Data extracted from a collection
"""

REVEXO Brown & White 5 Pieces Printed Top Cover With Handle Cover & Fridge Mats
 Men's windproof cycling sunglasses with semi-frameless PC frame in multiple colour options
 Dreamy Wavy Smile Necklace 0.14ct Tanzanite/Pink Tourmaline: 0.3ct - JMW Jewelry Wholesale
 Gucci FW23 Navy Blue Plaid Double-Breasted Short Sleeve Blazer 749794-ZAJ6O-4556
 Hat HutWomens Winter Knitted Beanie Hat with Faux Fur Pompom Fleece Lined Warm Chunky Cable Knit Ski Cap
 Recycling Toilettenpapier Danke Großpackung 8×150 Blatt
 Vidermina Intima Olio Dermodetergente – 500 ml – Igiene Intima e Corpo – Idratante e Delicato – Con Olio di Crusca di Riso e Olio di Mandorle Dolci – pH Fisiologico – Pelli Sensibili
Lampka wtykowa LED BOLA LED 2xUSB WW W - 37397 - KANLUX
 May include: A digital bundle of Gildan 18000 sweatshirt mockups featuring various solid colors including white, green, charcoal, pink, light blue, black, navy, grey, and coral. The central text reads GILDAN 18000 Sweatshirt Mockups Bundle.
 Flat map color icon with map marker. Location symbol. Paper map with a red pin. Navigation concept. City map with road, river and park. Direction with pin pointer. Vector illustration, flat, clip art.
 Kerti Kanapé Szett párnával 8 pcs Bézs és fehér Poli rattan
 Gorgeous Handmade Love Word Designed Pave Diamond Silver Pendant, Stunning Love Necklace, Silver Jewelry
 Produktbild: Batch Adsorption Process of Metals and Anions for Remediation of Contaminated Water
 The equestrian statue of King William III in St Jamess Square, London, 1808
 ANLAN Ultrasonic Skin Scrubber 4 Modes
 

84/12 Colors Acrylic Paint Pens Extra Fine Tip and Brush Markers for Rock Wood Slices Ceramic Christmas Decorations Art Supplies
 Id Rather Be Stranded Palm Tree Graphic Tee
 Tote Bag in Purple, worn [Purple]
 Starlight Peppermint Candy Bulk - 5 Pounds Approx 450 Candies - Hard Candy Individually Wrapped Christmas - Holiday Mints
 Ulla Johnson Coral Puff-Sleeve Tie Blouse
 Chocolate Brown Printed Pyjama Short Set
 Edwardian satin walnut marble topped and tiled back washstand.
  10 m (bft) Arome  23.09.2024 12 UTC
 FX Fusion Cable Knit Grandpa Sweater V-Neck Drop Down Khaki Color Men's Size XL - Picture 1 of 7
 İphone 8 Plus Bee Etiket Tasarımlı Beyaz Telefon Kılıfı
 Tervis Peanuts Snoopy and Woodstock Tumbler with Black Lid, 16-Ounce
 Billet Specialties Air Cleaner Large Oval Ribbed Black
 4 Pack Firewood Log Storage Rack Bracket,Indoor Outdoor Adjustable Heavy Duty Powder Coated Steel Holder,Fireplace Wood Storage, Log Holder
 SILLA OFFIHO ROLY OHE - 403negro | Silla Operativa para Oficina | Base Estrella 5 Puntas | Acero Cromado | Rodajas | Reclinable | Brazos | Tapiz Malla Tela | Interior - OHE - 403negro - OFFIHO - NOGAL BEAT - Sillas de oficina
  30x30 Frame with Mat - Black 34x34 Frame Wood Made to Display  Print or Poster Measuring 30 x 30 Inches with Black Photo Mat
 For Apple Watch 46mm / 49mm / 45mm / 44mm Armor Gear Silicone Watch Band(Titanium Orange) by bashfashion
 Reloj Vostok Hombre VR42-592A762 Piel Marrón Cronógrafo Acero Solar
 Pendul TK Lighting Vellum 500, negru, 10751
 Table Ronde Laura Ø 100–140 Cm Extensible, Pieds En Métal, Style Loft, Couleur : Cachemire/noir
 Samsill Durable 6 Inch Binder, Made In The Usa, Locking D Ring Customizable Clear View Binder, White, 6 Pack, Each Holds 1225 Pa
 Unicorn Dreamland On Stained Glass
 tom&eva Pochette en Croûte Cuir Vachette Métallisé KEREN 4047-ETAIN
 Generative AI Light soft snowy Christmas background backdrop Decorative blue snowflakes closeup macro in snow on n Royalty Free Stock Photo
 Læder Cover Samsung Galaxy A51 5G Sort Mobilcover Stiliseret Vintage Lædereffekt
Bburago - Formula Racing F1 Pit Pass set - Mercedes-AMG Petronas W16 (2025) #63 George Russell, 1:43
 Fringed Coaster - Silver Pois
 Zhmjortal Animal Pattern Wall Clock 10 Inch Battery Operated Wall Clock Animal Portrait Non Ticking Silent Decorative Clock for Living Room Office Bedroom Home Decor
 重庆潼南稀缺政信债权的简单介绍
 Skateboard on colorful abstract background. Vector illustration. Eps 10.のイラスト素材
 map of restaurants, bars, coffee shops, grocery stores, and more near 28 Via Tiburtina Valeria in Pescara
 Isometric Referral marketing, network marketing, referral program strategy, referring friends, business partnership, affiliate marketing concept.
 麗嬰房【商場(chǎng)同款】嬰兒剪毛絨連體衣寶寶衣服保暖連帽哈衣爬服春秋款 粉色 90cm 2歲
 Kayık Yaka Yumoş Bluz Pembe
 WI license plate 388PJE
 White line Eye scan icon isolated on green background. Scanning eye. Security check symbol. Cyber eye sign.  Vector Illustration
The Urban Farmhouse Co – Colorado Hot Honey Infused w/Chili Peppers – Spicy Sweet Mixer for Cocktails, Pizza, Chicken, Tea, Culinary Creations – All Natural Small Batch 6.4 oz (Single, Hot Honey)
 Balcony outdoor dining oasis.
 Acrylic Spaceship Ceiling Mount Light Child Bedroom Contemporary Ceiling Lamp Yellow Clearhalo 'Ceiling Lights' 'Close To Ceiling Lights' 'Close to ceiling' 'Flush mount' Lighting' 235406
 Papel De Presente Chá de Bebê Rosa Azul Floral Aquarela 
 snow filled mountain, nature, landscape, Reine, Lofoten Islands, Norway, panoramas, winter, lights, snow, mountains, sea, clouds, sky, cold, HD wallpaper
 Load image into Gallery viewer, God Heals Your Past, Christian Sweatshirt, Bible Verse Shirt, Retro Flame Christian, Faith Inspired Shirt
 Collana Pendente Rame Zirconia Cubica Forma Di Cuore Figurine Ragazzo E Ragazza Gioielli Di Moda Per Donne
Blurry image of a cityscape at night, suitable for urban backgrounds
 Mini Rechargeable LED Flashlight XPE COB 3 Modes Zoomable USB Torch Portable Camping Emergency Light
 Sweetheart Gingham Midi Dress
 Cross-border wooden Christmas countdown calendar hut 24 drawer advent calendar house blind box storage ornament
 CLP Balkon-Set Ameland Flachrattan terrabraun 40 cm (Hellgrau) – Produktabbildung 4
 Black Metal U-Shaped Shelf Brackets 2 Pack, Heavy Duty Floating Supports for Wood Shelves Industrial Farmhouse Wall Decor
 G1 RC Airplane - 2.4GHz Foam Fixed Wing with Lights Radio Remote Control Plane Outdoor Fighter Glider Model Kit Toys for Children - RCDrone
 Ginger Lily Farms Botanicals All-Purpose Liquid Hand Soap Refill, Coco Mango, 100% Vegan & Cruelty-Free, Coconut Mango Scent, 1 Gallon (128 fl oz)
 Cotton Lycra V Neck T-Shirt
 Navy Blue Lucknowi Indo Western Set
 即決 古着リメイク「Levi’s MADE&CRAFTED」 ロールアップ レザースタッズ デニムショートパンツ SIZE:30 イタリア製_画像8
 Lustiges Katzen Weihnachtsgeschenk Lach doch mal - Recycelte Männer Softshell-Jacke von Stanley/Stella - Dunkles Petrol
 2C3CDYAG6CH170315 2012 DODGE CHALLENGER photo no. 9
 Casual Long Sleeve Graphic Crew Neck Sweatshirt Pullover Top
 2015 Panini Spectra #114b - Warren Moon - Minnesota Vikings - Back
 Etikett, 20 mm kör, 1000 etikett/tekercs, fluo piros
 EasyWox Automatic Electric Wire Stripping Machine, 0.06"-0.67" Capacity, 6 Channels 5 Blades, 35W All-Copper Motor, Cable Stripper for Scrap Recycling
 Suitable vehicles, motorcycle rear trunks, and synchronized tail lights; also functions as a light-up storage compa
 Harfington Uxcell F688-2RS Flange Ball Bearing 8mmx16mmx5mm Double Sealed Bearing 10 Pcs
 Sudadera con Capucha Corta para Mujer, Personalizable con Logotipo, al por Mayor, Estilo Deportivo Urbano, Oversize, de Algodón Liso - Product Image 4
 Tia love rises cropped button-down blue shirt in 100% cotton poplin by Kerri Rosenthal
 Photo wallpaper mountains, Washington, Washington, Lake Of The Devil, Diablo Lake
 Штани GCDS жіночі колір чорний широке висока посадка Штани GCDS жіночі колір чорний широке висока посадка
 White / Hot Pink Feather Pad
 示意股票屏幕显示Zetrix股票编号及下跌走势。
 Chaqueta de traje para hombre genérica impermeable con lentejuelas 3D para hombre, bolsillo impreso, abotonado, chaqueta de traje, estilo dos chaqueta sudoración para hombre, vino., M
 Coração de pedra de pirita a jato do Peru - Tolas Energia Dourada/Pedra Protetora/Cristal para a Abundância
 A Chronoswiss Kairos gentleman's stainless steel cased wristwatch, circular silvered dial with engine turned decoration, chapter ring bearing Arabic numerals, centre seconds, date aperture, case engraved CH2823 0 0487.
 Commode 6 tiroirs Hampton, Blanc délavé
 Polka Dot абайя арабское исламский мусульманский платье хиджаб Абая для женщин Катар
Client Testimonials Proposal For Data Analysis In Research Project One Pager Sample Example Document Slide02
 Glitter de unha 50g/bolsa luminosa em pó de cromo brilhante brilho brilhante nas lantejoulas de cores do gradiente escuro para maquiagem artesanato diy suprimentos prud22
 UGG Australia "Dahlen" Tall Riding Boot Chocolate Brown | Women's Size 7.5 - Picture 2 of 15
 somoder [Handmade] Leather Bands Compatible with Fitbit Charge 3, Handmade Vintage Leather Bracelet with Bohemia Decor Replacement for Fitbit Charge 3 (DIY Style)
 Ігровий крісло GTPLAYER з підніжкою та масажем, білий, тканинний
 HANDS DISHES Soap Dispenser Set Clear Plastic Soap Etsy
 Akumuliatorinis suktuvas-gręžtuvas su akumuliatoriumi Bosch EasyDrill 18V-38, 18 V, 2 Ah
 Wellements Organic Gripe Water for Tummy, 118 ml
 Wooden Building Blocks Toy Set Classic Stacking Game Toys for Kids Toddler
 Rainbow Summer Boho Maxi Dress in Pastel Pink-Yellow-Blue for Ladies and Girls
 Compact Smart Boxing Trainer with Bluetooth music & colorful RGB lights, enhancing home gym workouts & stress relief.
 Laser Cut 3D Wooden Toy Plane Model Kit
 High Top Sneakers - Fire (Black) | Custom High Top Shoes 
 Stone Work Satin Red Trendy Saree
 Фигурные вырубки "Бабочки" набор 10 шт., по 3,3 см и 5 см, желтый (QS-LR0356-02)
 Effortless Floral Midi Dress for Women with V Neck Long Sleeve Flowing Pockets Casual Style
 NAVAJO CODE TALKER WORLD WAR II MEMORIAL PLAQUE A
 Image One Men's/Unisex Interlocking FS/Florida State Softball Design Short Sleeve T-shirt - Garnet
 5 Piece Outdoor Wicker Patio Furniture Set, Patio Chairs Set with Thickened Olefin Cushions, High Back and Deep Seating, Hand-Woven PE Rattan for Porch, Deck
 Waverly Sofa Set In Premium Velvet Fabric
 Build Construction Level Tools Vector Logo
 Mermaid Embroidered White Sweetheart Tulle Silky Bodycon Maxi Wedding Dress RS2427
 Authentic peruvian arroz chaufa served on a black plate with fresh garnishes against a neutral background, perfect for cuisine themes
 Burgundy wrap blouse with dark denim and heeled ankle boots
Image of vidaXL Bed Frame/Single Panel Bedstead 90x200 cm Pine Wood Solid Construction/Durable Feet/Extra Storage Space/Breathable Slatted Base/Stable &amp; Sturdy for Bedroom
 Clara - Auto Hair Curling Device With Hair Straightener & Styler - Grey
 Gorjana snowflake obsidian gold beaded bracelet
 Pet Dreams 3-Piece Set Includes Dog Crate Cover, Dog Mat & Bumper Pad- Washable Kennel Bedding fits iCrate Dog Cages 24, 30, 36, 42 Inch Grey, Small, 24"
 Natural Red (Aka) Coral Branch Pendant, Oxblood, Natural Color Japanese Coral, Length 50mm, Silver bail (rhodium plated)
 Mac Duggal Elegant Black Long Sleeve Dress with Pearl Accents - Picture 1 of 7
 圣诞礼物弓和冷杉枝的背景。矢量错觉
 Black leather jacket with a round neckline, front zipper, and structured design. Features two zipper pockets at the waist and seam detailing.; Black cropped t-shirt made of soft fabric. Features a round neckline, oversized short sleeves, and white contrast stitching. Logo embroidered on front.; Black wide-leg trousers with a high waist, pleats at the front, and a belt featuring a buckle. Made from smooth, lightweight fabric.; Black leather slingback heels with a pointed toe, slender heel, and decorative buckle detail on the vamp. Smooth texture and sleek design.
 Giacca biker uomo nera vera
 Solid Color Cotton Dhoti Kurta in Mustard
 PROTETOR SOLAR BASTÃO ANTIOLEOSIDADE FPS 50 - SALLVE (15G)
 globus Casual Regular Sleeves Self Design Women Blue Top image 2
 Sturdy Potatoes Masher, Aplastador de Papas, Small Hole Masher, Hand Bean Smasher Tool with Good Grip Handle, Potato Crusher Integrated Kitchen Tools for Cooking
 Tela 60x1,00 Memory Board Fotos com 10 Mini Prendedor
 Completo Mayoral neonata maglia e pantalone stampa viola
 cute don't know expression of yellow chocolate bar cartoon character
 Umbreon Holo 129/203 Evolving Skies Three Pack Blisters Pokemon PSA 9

"""

* **Your task**
Give back exactly the lines above starting at the line where "somoder [Handmade] Leather" appears and ending at the line where "HANDS DISHES Soap" appears, both included, with no other lines.

* **Answer for the task**
 somoder [Handmade] Leather Bands Compatible with Fitbit Charge 3, Handmade Vintage Leather Bracelet with Bohemia Decor Replacement for Fitbit Charge 3 (DIY Style)
 Ігровий крісло GTPLAYER з підніжкою та масажем, білий, тканинний
 HANDS DISHES Soap Dispenser Set Clear Plastic Soap Etsy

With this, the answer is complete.